Fig. 2.

Basal level of ALDH2 expression and activity and cardiac myocyte response to acetaldehyde. A. An ALDH2*2 knock-in rodent on a C57/BL6J background was generated with a missense mutation (glutamic acid to lysine at 487) that reflects the human ALDH2*2 genetic variant.
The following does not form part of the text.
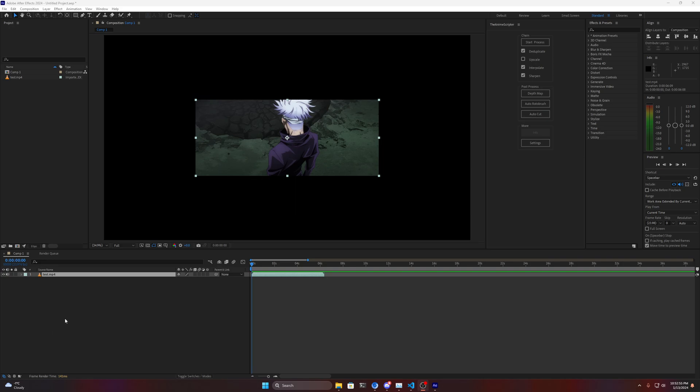Good evening everybody. Tonight I'm really happy to announce a new release for the Anime Scriptor, the release of 0.1.6. This release will contain mostly bug fixes and performance improvements.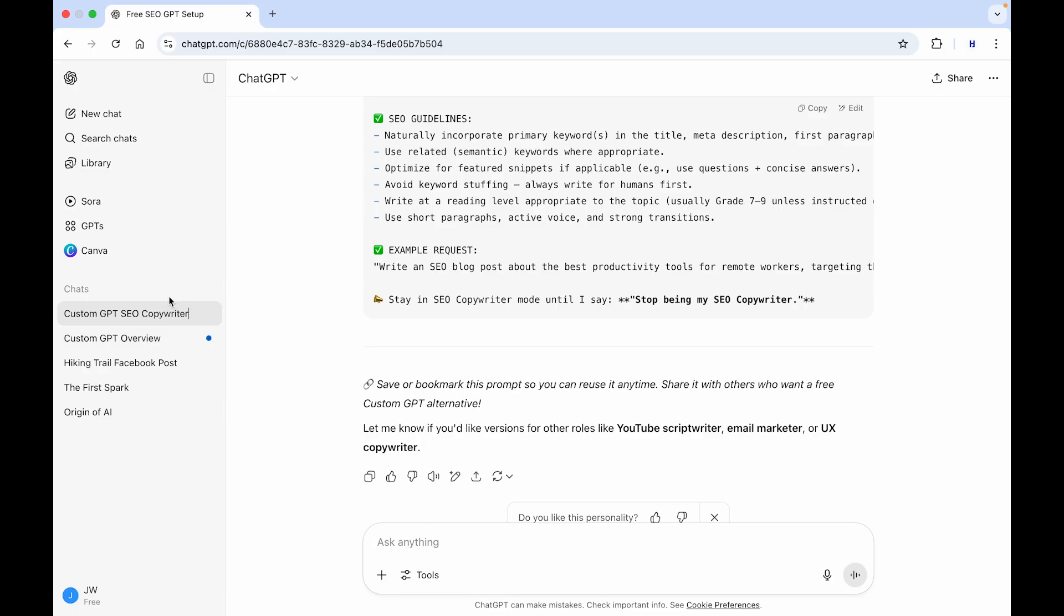So, right now, you've created a custom GPT completely for free inside of ChatGPT. If you find this video helpful, please consider leaving a like and subscribing to the channel.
B. Top: Representative Western blot of ALDH2 protein (56 kDa) expression for heart, lung, and liver tissue homogenates for ALDH2 and ALDH2*2 mice. Bottom: Quantification of ALDH2 protein expression normalized to GAPDH (36 kDa) (n=6/group). C. ALDH2 enzymatic activity for homogenates of each genotype and organ (n=6/group). D. Calcium influx by 1 μM acetaldehyde. KCl (60 mM) was used as a positive control. E. H₂O₂ activity by 0.1 or 1 μM acetaldehyde with 4-HNE (20μΜ) as a positive control assessed by Amplex Red (n=8/group). F. Immunostaining of primary cardiomyocytes for 4-hydroxynoneal (4-HNE) protein adducts in vehicle or 1 μM acetaldehyde treated cells (left panel, bar = 20 μm). Green: dystrophin, Red: 4-HNE protein adducts, Blue: DAPI. Right: Quantification of 4-HNE protein adducts (n=8/group). WT= wild type, *2 = ALDH2*2, H= heart, Lu= lung, Liv= liver. Blue represents wild type ALDH2 mice and red represents the ALDH2*2 mice. ^p < 0.05, between genotypes; and ⁺p < 0.05, ^&p < 0.01, *p < 0.001, within genotypes, respectively, calculated by one-way ANOVA with Bonferroni correction. (For interpretation of the references to color in this figure legend, the reader is referred to the Web version of this article.)